Jordan Price Williams was one of the Welsh contingent (and, presumably, one of the four-part harmonisers). He studied classical double bass at the Royal Welsh College of Music and Drama, and is one of the best folk multi-instrumentalists of his generation.

“The main thing that came out was finding common ground in our varying heritages,” he says. “Everyone who plays traditional music within the British Isles likes to think of our individual traditions as being unique, and they’re really not. Everyone has a jig or reel or hornpipe.

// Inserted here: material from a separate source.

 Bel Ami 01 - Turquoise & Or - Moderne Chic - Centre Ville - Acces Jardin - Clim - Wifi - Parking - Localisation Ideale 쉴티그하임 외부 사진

"But in Wales the music is different, and I think it’s because in Scotland and Ireland they carried on playing their music across the 19th and 20th centuries, so it carried on being developed. When the Methodists moved into Wales in the 19th century, people stopped playing traditional music. So the music has been preserved in an earlier form.”

Not everything was lost, though: there were still plenty of triple-harpists and clog dancers around to pass on their knowledge. Cerdd dant – the uniquely Welsh art of singing an improvised counter-melody over a harp tune – remained in rude health. The medieval harpist Robert ap Huw (c1580-1665) had thoughtfully written down a manuscript of harp music, which preserved the bardic tradition from centuries before (the music has been painstakingly recreated by the duo Bragod, incidentally).

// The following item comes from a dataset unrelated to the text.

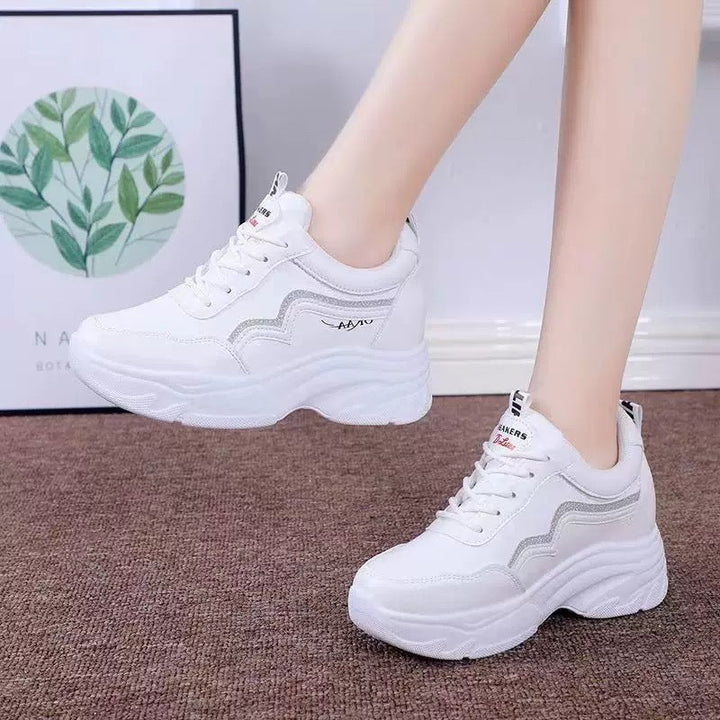 Ladies sporty sneakers with fashionable plateau and breathable upper material Mune Fashion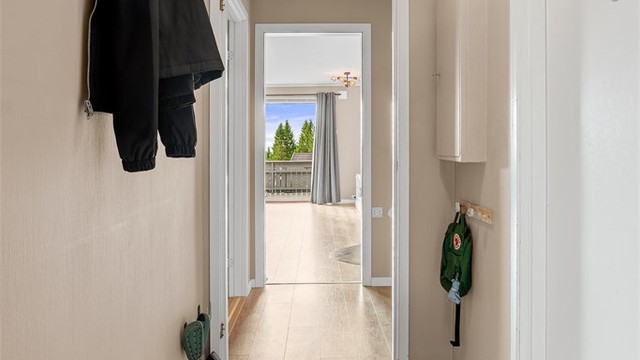 Gang/Entré med plass til å henge fra seg yttertøy og sko.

The Welsh Folk Song Society was duly set up in 1906, and its tune-hunters set off on safari into the rural heartlands, collecting and notating songs, a job continued by the St Fagans National Museum of History during the 1960s and 70s.

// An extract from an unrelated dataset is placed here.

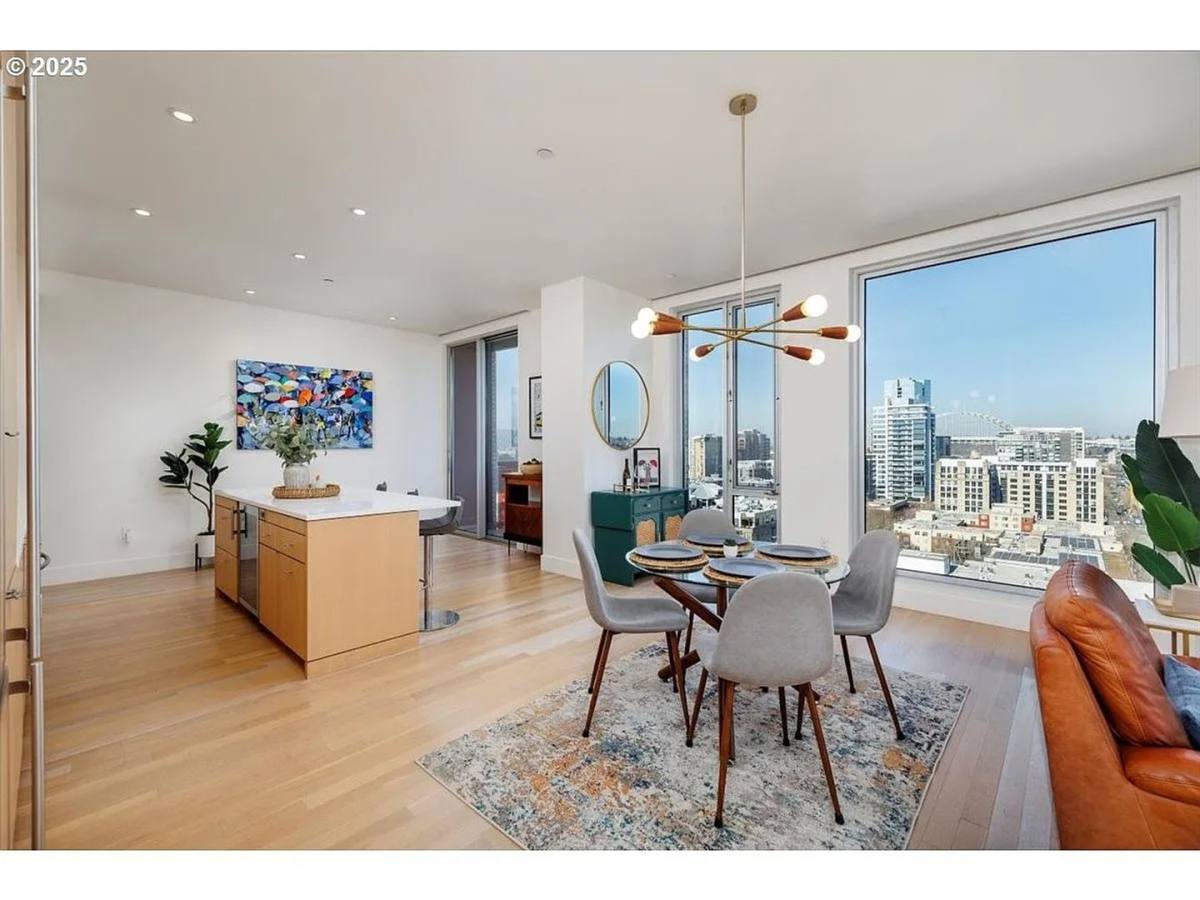 Condo for rent at 937 NW Glisan St #1436, Portland, OR 97209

Meanwhile in Ireland, a new ‘Celtic folk’ idiom was being created by Irish bands like The Chieftains, The Bothy Band and Planxsty. Thanks to them, and a huge audience in the Irish diaspora in America, Ireland became the dominant force in Celtic music.

Wales had a bit of catching up to do. In 1976 the Wales Tourist Board, as it then was, put together a quartet of top Welsh folk musicians to fly the musical flag at the Festival Interceltique de Lorient, a vast annual gathering of Celtic musicians in Brittany.

The band wrily named themselves Ar Log (it means ‘for hire’). At Lorient they met another Irish folk behemoth, The Dubliners, who encouraged the Welshmen to stick together and turn professional.

Ar Log continued to expand - in 1983 the musical polymath Stephen P Rees joined. He’s both an academic – he teaches music at Bangor University – and a gifted multi-instrumentalist who went on to play a central role in the Welsh folk music revival, later forming another seminal Welsh band, Crasdant. For their source material, the Welsh revivalist dug deep into Welsh musical history. They toured the world, establishing a solid ground on which Welsh folk could build.

“For people of my generation it was very important because it was something we didn’t seem to have, and therefore we tried to make it,” says Stephen.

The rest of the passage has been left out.